### TASK OBJECTIVE
Every picture should be left out, but the lines below must be repeated exactly.

### DATA SECTION
━━━━━━━━━━
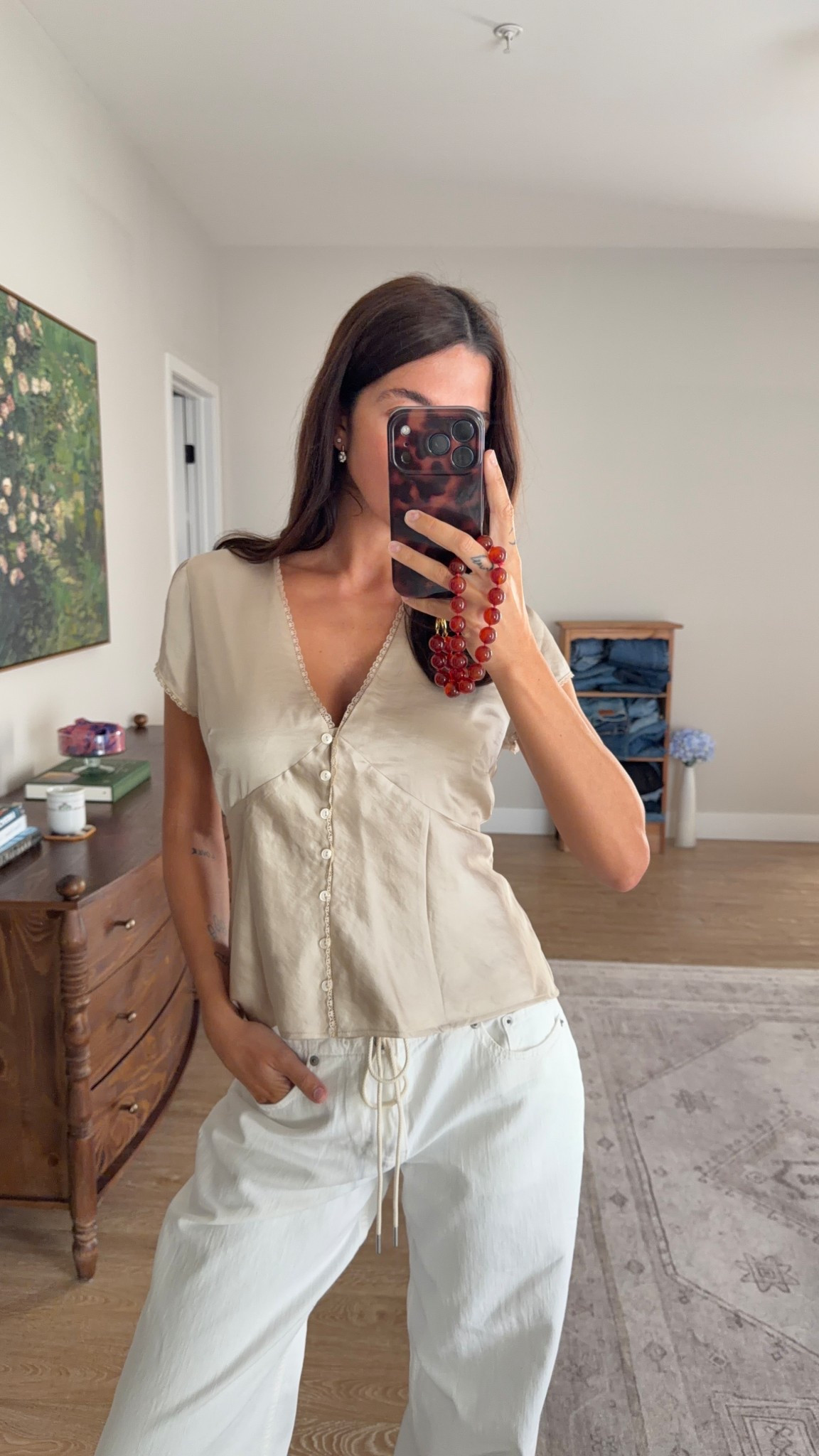 Abercrombie spring top! Wearing a M! I’m a 34B bra and broad shoulder so it’s alittle looser on me but prefer that! 

#LTKspring #LTKSaleAlert #LTKootd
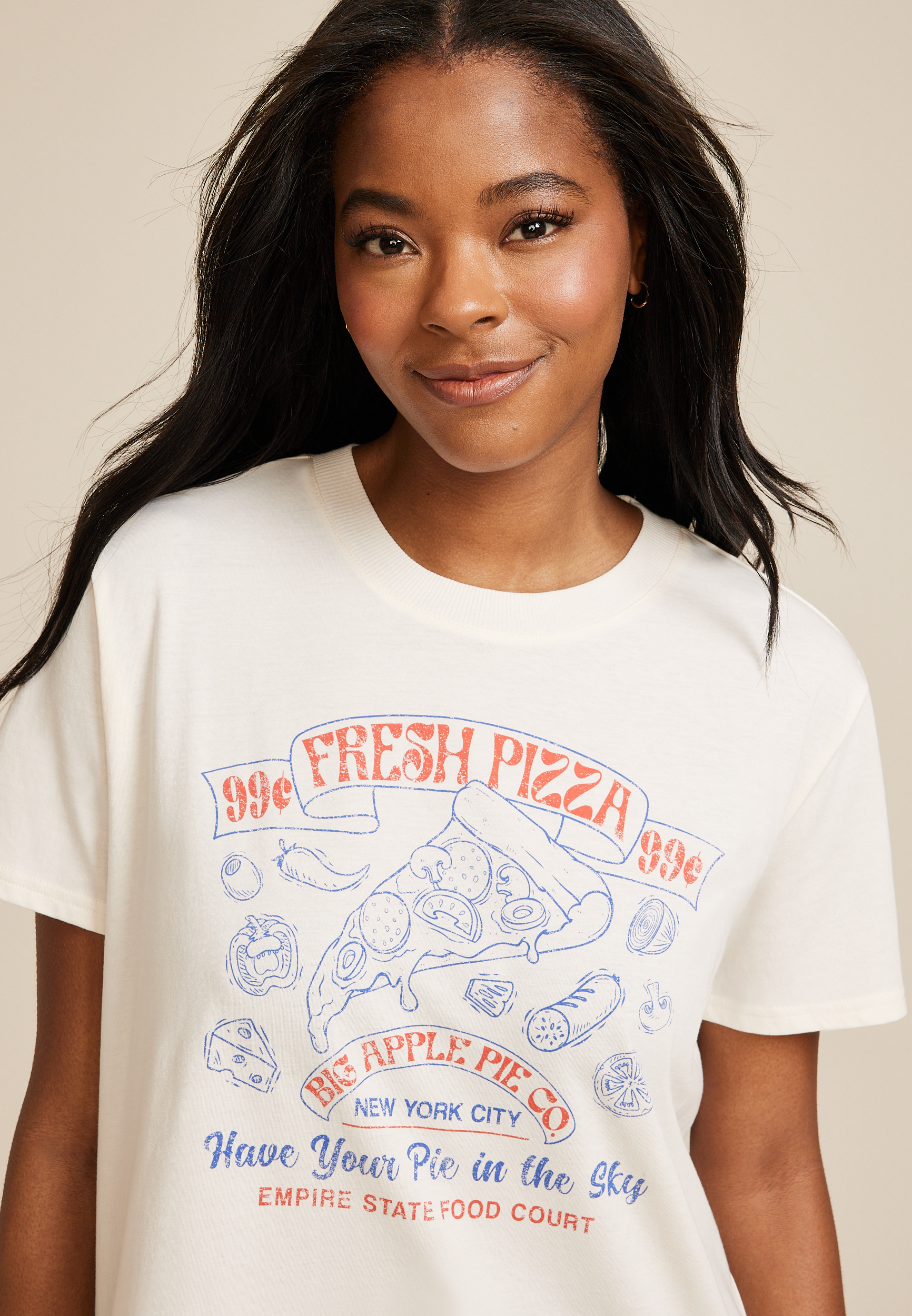 Fresh Pizza Oversized Fit Graphic Tee, ECRU, large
━━━━━━━━━━
### ANSWER SECTION
 Abercrombie spring top! Wearing a M! I’m a 34B bra and broad shoulder so it’s alittle looser on me but prefer that! 

#LTKspring #LTKSaleAlert #LTKootd
 Fresh Pizza Oversized Fit Graphic Tee, ECRU, large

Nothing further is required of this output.